# Prac 08
In this prac we will be building a recommender system for movies.

# Q1
Using the [MovieLens](https://grouplens.org/datasets/movielens/) (small) data set complete the following:
- Download the [ml-latest-small](https://files.grouplens.org/datasets/movielens/ml-latest-small.zip) data file. Unzip, and then upload the files 'movies.csv' and 'ratings.csv' to the Google Colab
- Load the movies and ratings into a pandas data frame, and inspect the data
- Convert the ratings dataframe into a utility matrix using `df.pivot`, and inspect the matrix.
- Select a user from the utility matrix that we will recommend a movie for
- Predict the rating of a movie they have not seen using a user-based approach
- Predict the ratings of all unseen movies and recommend the top 10

In [None]:
%matplotlib inline
import numpy as np
import pandas as pd
import sklearn

## Download data
Download the [ml-latest-small](https://files.grouplens.org/datasets/movielens/ml-latest-small.zip) data file. Unzip, and then upload the files 'movies.csv' and 'ratings.csv' to the Google Colab

Since the data is in a .zip file it's probably easiest to just use some bash tools to download and extract the files directly into the colab area.

In [None]:
! [[ -e ml-latest-small.zip ]] || $(wget https://files.grouplens.org/datasets/movielens/ml-latest-small.zip; unzip ml-latest-small.zip)

## Load the data
Load the movies and ratings into a pandas data frame, and inspect the data.

In [None]:
# load the movies data
movies_df = pd.read_csv(?)
movies_df.head()

In [None]:
# load the ratings data
ratings_df = pd.read_csv(?).drop(columns='timestamp')
ratings_df.head()

## Create a utility matrix
Convert the ratings dataframe into a utility matrix using `df.pivot`, and inspect the matrix.
- Make the matrix smaller by selecting only movies with more than 50 ratings, and users who have rated more than 50 movies

In [None]:
# convert ratings table into a utility matrix
utility = ratings_df.pivot(index=?,
                           columns=?,
                           values=?)
utility.tail()

In [None]:
users_gt_50 = utility.count(axis='columns') > ?
movies_gt_50 = utility.count(axis='index') > ?

In [None]:
utility_sm = utility.loc[users_gt_50, movies_gt_50]
utility_sm

## Select a user
Select a user from the utility matrix that we will recommend a movie for.

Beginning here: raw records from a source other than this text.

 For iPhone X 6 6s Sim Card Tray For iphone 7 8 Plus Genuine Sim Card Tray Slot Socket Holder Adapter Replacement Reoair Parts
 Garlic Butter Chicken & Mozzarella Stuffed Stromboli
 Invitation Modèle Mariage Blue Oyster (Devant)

I recommend chosing user 605 in the above list.

In [None]:
User1 = utility.loc[?]

## Predict the rating of a movie
Predict the rating of a movie they have not seen using a user-based approach
- use a similarity score of `0.8` to select similar users
- predict the rating for movie with `id=7`

In [None]:
# using row1.corr(row2) we calculate the pearson correlation function between users
def corrUser(row):
  if User1.equals(row): # For later implementation we don't want to compare a user to themselves.
    return 0            # Instead of skipping them we just set the correlation to zero.
  return User1.corr(row)

In [None]:
# now compute all the similarities
similarities = utility.apply(corrUser,
                             axis=1)

In [None]:
threshold=?
peers_id = utility.index[similarities>threshold]
print(f"There are {len(peers_id)} similar users")

In [None]:
utility.loc[peers_id]

Predicted score is
$\frac{\sum( S_i * x_i) }{ \sum (S_i)}$
where $S_i$ is the similarity score and $x_i$ is the user rating.

In [None]:
# Compute the average of similar user scores for movie with id=7
mid = ?
numerator = np.sum(similarities[peers_id] * utility.loc[peers_id, mid])
denomenator = np.sum( similarities[peers_id] * (utility.loc[peers_id, mid] > 0) ) # the >0 returns true/false which is interpreted as 1/0, and acts as a mask
predicted_score = numerator / denomenator
predicted_score

## Select top 10 predictions
Predict the ratings of all unseen movies and recommend the top 10
- Use the above to write a function to predict the score for all the movies
- sort the predictions and choose the top 10
- report the predicted score and names of the top 10 movies

In [None]:
def predict_scores(peers, utility):
  """
  Predict the score for all unseen movies.
  Peers should list the userid for all the similar users.
  Utility should be a utility matrix.

  Returns a dict of {movieId:score}
  """
  scores = {}
  for movie in utility.columns:
    if np.isnan(User1[movie]):     # only predict scores for unseen movies
      numerator = np.sum(similarities[peers_id] * utility.loc[peers_id, movie])
      denomenator = np.sum( similarities[peers_id] * (utility.loc[peers_id, movie] > 0) )
      predicted_score = numerator / denomenator
      if not np.isnan(predicted_score):  # don't record predictions of nan
        scores[movie] = predicted_score
  return scores

In [None]:
# compute the predicted scores
predictions = predict_scores(peers_id,
                             utility)

In [None]:
# choose the top10 movieIds
top_10 = sorted(predictions,
                key=predictions.get, # sort based on the value not the key
                reverse=True, # reverse means hightest first
                )[:?]  # choose first 10
top_10

In [None]:
# Display a nice table of results
print("Pred \t| Movie")
print("--------------")
for movie in top_10:
  # extract the movie name from the movies_df
  name = movies_df['title'][movies_df['movieId']==movie].values[0]
  print(f"{predictions[movie]:3.1f}\t| {name}")